It’s like seeing two white rhinos in one place.
That place? Rural Quebec.
Once the pride of 1990s Japan, the Subaru SVX threw all the futuristic trappings it could find into the sporty luxury coupe, which was sold in limited numbers from mid-1991 to 1996.
The most tell-tale styling cue/gimmick on the SVX (sold as the hard-to-pronounce Alcyone overseas) was the window-in-a-window treatment, which made the car look like it had just driven out of a dystopian film set in the near future.
Under the hood of the SVX, you’d find pretty much everything except a turbo. Its twin-cam 3.3-litre flat-six used the fanciest multi-port fuel injection system available at the time, complemented by platinum spark plugs and a hefty computer nanny overseeing engine functions.
All this hardware brought the car up to 231 horsepower, which was delivered to all four wheels via the only available transmission – a four-speed automatic. No manual tranny meant that the car’s sporting credentials were not complete.
Technologically advanced, and reasonably fast, the flagship SVX was by far the most expensive product offered by Subaru at the time. Productions costs were high and buyers limited, leading to a situation where Subaru lost money on each SVX they sold.
Offering front-wheel drive base models at a reduced price didn’t reverse the tepid sales trend.

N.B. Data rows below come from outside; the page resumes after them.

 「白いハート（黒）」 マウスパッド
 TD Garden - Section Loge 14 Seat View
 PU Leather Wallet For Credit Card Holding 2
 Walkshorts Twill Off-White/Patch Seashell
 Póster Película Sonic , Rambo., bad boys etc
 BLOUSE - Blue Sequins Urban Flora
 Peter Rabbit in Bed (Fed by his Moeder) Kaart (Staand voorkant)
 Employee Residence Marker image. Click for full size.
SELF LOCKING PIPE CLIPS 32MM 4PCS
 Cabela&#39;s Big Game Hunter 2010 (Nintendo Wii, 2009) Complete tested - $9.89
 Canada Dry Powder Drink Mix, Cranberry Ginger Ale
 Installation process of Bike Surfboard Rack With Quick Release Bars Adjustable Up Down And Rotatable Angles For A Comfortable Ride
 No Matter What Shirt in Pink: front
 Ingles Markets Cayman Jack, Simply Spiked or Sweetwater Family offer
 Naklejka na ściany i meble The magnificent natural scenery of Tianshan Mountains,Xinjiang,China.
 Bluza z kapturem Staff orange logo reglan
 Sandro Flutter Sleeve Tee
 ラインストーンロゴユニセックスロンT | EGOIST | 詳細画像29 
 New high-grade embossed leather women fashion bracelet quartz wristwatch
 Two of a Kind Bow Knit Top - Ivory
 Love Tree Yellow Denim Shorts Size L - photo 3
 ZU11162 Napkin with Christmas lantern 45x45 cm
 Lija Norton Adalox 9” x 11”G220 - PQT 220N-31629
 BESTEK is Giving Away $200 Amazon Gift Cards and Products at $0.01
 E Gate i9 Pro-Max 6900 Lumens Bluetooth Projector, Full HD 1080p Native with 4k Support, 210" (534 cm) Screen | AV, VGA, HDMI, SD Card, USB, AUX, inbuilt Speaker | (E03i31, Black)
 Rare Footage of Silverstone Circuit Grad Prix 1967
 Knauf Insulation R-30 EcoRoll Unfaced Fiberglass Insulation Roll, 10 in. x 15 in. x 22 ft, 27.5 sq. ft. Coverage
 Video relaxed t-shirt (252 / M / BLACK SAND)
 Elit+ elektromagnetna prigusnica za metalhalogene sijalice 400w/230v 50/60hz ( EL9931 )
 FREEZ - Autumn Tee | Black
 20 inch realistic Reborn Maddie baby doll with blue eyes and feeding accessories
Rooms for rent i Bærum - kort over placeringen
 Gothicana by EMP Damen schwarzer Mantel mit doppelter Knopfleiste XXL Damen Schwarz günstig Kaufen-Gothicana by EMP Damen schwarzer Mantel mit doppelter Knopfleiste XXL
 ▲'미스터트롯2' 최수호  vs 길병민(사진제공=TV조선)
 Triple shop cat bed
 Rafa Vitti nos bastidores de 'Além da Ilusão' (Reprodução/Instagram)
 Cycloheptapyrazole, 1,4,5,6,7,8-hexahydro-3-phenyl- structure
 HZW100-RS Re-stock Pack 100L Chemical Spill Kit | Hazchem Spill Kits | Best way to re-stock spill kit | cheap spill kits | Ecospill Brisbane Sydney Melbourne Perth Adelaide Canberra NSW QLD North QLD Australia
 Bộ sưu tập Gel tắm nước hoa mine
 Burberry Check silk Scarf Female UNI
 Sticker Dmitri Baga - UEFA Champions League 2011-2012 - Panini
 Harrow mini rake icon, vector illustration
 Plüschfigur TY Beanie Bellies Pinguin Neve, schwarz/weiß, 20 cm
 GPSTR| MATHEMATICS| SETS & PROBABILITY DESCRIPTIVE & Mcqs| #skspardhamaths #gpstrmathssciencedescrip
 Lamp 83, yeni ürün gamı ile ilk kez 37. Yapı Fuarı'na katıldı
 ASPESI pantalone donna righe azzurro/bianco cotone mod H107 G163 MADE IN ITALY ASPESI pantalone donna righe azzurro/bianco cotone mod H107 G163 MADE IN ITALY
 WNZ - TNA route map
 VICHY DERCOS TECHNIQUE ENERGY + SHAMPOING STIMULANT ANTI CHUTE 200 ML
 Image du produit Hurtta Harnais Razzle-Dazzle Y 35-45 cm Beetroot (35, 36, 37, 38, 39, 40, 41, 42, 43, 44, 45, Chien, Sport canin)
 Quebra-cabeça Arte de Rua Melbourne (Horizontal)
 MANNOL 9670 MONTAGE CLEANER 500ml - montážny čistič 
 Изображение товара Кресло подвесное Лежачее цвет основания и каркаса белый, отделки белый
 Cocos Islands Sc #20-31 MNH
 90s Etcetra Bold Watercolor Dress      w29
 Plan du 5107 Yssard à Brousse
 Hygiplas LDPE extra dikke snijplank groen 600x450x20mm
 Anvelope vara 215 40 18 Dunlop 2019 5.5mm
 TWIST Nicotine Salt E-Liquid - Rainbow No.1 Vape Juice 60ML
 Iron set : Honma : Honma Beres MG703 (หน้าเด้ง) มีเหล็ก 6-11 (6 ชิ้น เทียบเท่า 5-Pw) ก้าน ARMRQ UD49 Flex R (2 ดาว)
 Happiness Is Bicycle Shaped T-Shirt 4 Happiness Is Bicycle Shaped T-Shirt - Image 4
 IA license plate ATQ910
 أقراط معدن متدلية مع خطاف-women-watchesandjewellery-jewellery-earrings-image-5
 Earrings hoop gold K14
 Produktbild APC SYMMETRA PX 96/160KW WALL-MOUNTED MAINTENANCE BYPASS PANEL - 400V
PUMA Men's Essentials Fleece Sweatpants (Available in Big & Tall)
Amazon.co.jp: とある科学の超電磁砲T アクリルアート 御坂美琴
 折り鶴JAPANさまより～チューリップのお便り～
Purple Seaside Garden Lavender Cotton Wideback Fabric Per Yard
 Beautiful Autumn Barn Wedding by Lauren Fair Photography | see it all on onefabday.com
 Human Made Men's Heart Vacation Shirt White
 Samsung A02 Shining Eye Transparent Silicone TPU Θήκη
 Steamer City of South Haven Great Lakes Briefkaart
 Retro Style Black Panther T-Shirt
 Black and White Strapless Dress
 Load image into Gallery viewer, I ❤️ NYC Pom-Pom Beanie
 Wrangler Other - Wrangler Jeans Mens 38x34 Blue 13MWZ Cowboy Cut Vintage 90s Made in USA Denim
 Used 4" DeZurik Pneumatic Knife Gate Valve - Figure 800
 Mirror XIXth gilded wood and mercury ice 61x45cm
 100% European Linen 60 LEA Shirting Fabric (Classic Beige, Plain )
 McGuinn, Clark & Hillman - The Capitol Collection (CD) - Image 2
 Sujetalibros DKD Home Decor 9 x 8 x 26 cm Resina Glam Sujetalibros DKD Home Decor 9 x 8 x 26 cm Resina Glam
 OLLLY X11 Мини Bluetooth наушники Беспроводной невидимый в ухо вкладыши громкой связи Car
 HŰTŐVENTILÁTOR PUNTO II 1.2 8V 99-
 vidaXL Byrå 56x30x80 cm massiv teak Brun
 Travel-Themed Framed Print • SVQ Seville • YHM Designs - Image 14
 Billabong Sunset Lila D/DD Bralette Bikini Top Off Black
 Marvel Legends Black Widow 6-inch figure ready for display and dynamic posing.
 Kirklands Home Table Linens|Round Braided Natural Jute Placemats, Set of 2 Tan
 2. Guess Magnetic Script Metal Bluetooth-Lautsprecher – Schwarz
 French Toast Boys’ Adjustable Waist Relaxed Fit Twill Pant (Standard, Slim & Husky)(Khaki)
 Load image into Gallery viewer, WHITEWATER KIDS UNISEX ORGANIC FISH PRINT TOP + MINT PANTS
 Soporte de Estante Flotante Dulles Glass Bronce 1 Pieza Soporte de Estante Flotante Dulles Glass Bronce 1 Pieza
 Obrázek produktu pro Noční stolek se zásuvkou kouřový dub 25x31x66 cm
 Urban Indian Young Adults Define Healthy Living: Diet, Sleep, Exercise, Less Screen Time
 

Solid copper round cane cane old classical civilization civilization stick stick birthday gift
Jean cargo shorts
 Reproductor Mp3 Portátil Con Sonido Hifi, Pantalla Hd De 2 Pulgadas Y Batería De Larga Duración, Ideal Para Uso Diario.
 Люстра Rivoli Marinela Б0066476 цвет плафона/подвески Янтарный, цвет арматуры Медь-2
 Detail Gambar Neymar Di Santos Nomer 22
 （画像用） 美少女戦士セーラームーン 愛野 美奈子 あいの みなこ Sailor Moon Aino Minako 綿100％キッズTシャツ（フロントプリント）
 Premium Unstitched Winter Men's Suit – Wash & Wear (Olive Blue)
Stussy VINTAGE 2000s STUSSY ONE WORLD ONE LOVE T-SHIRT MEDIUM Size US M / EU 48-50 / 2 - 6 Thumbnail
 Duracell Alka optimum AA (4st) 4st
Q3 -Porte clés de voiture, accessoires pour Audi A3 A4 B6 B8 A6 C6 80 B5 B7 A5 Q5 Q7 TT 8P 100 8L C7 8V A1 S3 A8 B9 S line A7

Despite projecting (read: hoping) that annual sales would touch the five-figure mark, less than 25,000 were sold worldwide for the entire model run – a little more than half of that number reaching North American buyers.
Subaru’s supercar was an ambitious vehicle at the time, but multiple factors ensured that it never quite measured up to its name (Alcyone – the brightest star in the Pleiades star cluster, which forms Subaru’s corporate logo).